REPORTAGE – Le combat auquel se livrent les forces irakiennes et les djihadistes de Daech dans la deuxième ville d’Irak ne ressemble à rien de connu. Il est à la fois sophistiqué et primitif, mélange de combat urbain classique et de méthodes terroristes.

Dans les immenses quartiers de l’est de Mossoul, la bataille se livre rue par rue entre les forces spéciales irakiennes et les djihadistes de l’Etat Islamique. Dans le secteur Saddam, un détachement des forces spéciales irakiennes (Isof, Iraqi Special Operations Force) se prépare à investir le quartier voisin de Tahrir, de l’autre coté d’une avenue. Les bataillons des Isof, aussi connu sous l’appellation « Division d’Or », sont la  principale force irakienne engagée dans Mossoul. Le bataillon Isof-1 est commandé par le major Salam, qui est devenu une figure emblématique de la guerre contre l’État islamique. Impeccable dans son uniforme noir couvert des écussons des forces spéciales, le major est un officier de terrain, du genre de ceux qui gagnent des batailles: calme, méthodique, patient, et surtout économe de la vie de ses soldats. Depuis deux ans, son unité a été de tous les combats contre l’État islamique, et a joué un rôle majeur dans la reprise de Ramadi, Tikrit et Faloudja.
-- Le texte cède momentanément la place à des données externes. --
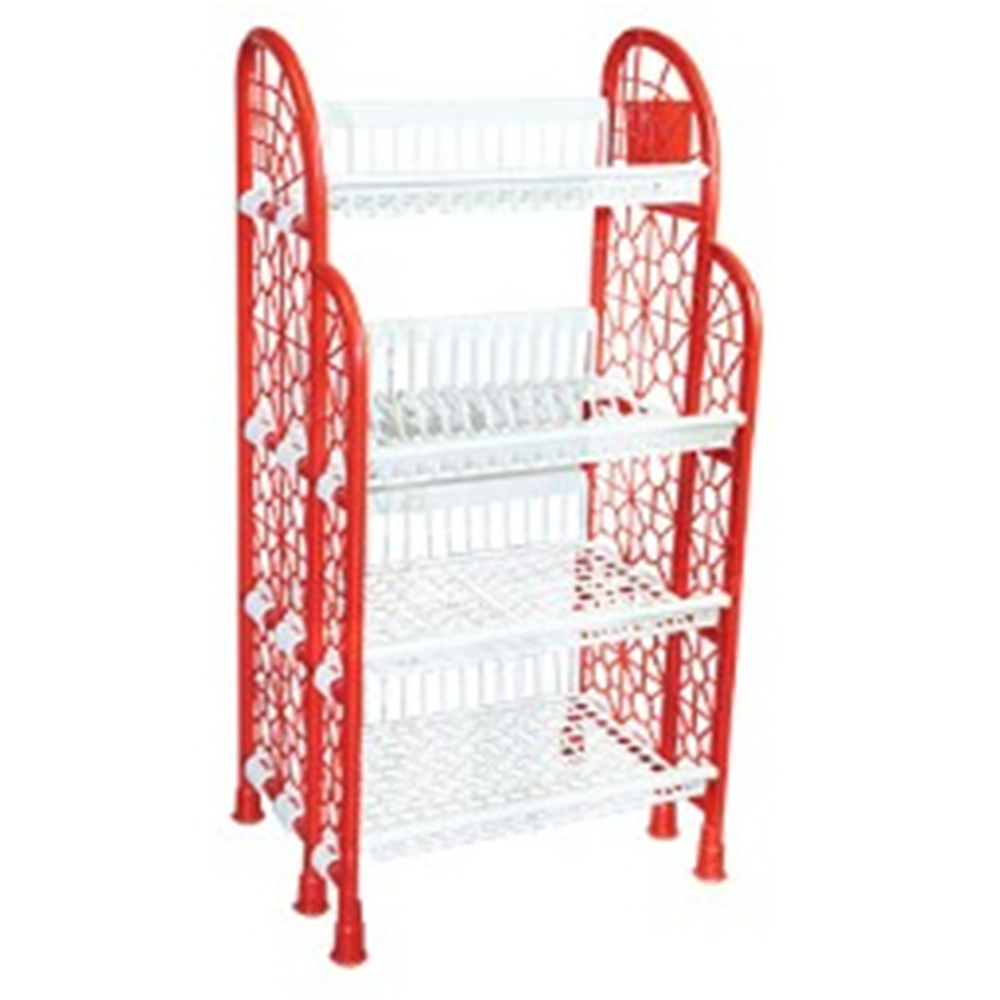 RFL Plastic Popular 5 Step Kitchen Rack - White and Red - 918050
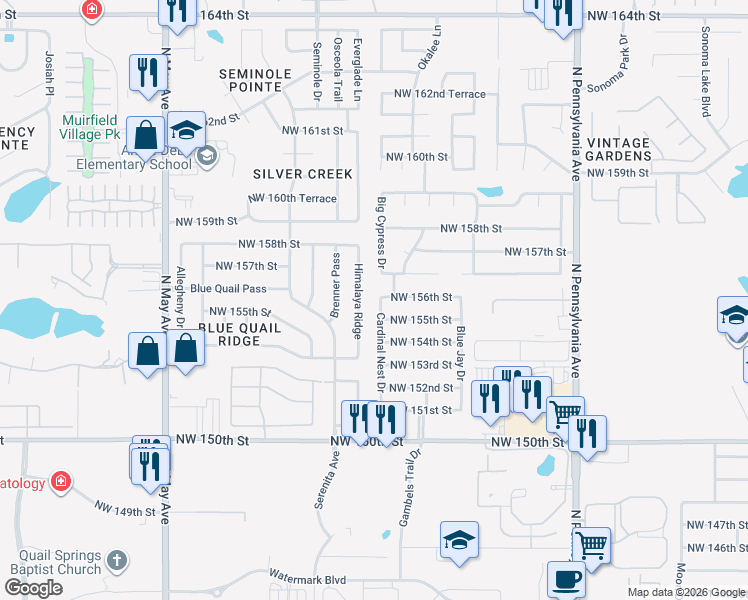 map of restaurants, bars, coffee shops, grocery stores, and more near 15608 Himalaya Ridge in Edmond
Mais la bataille de Mossoul se livre à bien plus grande échelle. Les quartiers Est de la ville sont un dédale de maisons basses, à un ou deux étages, entourées d’un mur de maçonnerie de deux mètres de haut. Derrière les portails en fer peints de couleurs pastel, on trouve souvent un petit jardin et un garage. Les rues se coupent à angle droit, et sont généralement trop étroites pour que deux véhicules puissent se croiser. Un quadrillage d’avenues plus larges sépare les quartiers. Vu depuis un toit, ce plan en damier se répète à perte de vue, avec les minarets des mosquées qui dépassent comme des pointes d’asperges entre les maisons. Le Tigre, qui coule au milieu de la ville, est encore à presque trois kilomètres de distance. L’offensive contre l’État islamique à Mossoul est devenue un combat de rue âpre, difficile, où l’avancée se mesure en centaines de mètres plutôt qu’en kilomètres.
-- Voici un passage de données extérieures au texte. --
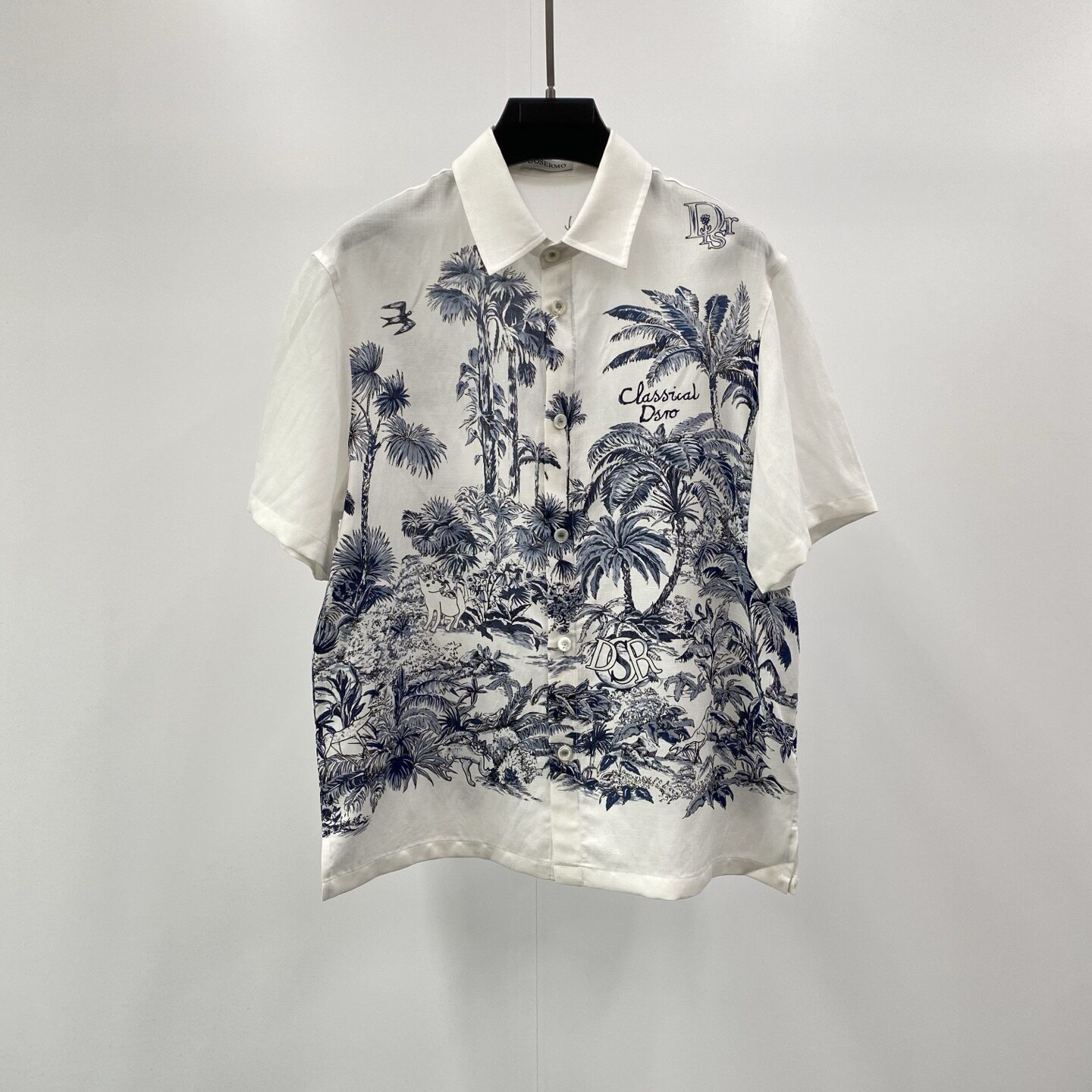 DOSERMO 26春夏新款logo字母椰树动物植物印花亚麻男士短袖衬衫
Le major Salam procède méthodiquement. Chaque quartier est abordé de façon indirecte, en évitant les grands axes. En tête de colonne, à bord de son Humvee qui arbore un grand drapeau irakien, le major fait manœuvrer ses troupes à la radio. Une fréquence lui permet de diriger son arme principale: le bulldozer blindé. La cabine de ce Caterpillar américain est recouverte par des vitres épaisses d’environ 8 cm, capables d’arrêter jusqu’à une roquette de RPG. D’épaisses plaques d’acier supplémentaires protègent la lame de l’engin et les fragiles vérins hydrauliques qui l’actionnent. Avançant en tête, sous des grêles de balles qui ricochent contre son blindage, le bulldozer remblaie des plaques de macadam arrachées à la chaussée, des tas de débris et des carcasses de voiture en travers des rues. Sa tâche est de dresser le plus vite possible ces barrages dans toutes les directions avant que ne surgissent les voitures suicides. Le major Salam fait couvrir le travail du bulldozer par son char Abrams, dont le canon de 120 mm est le seul calibre capable de détruire l’un de ces engins mortels. À condition de le repérer à temps, et de ne pas manquer son coup. Si ces travaux de fortification improvisés ne sont pas assez rapides, ou si une voiture suicide a réussi à se cacher dans le périmètre déjà créé, l’attaque est rapide, et souvent meurtrière.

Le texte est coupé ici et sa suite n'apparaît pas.